*** MATERIAL PROVIDED Section Begins ***

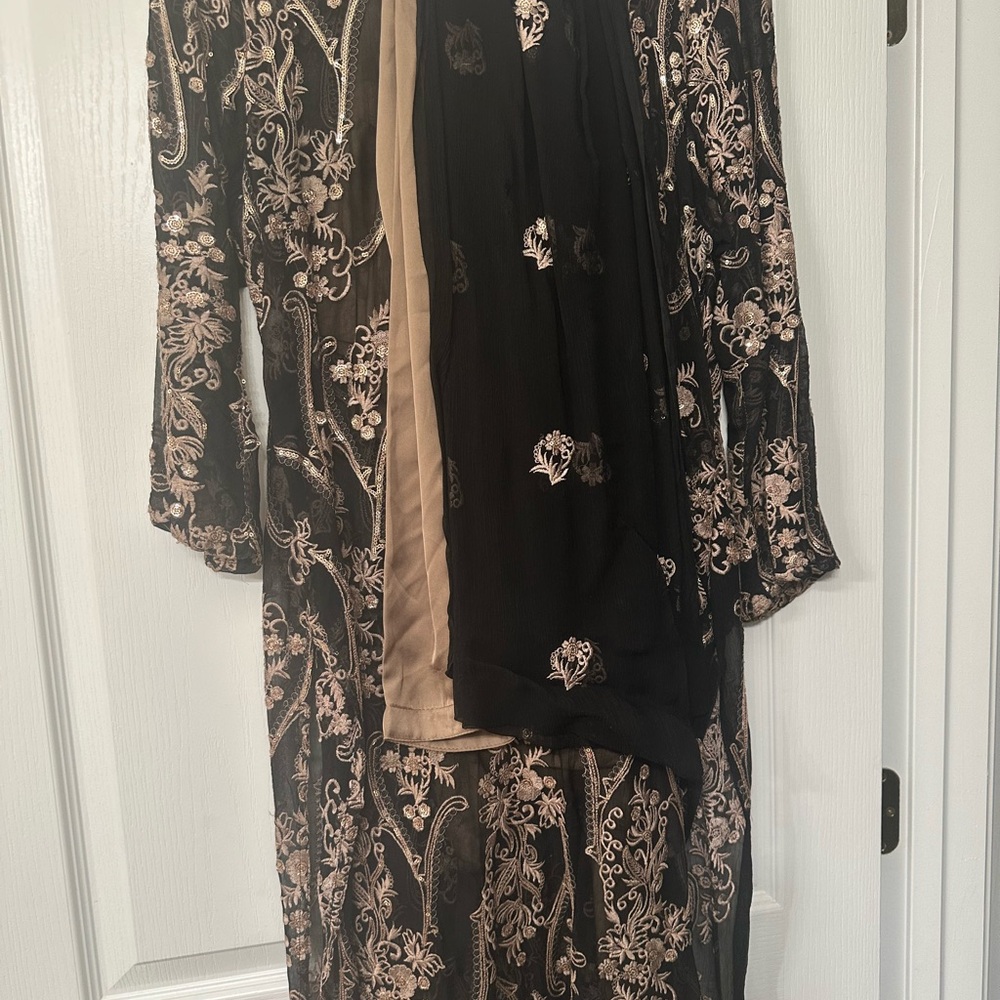 Elegant Black and Cream Embroidered Dress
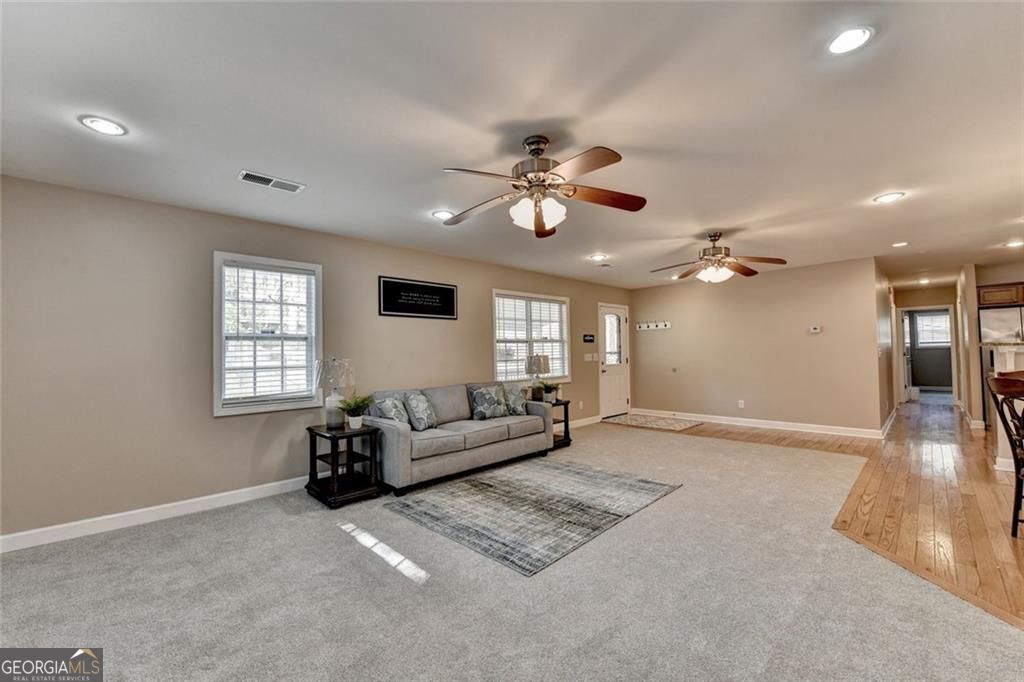 551 Oak Hills Road Mableton GA 30126
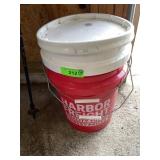 (2) 5 GALLON BUCKETS (1 LID)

*** MATERIAL PROVIDED Section Ends ***

WHAT IS BEING ASKED
Pictures are to be left out; all other data must be returned exactly.

REPLY
 Elegant Black and Cream Embroidered Dress
 551 Oak Hills Road Mableton GA 30126
 (2) 5 GALLON BUCKETS (1 LID)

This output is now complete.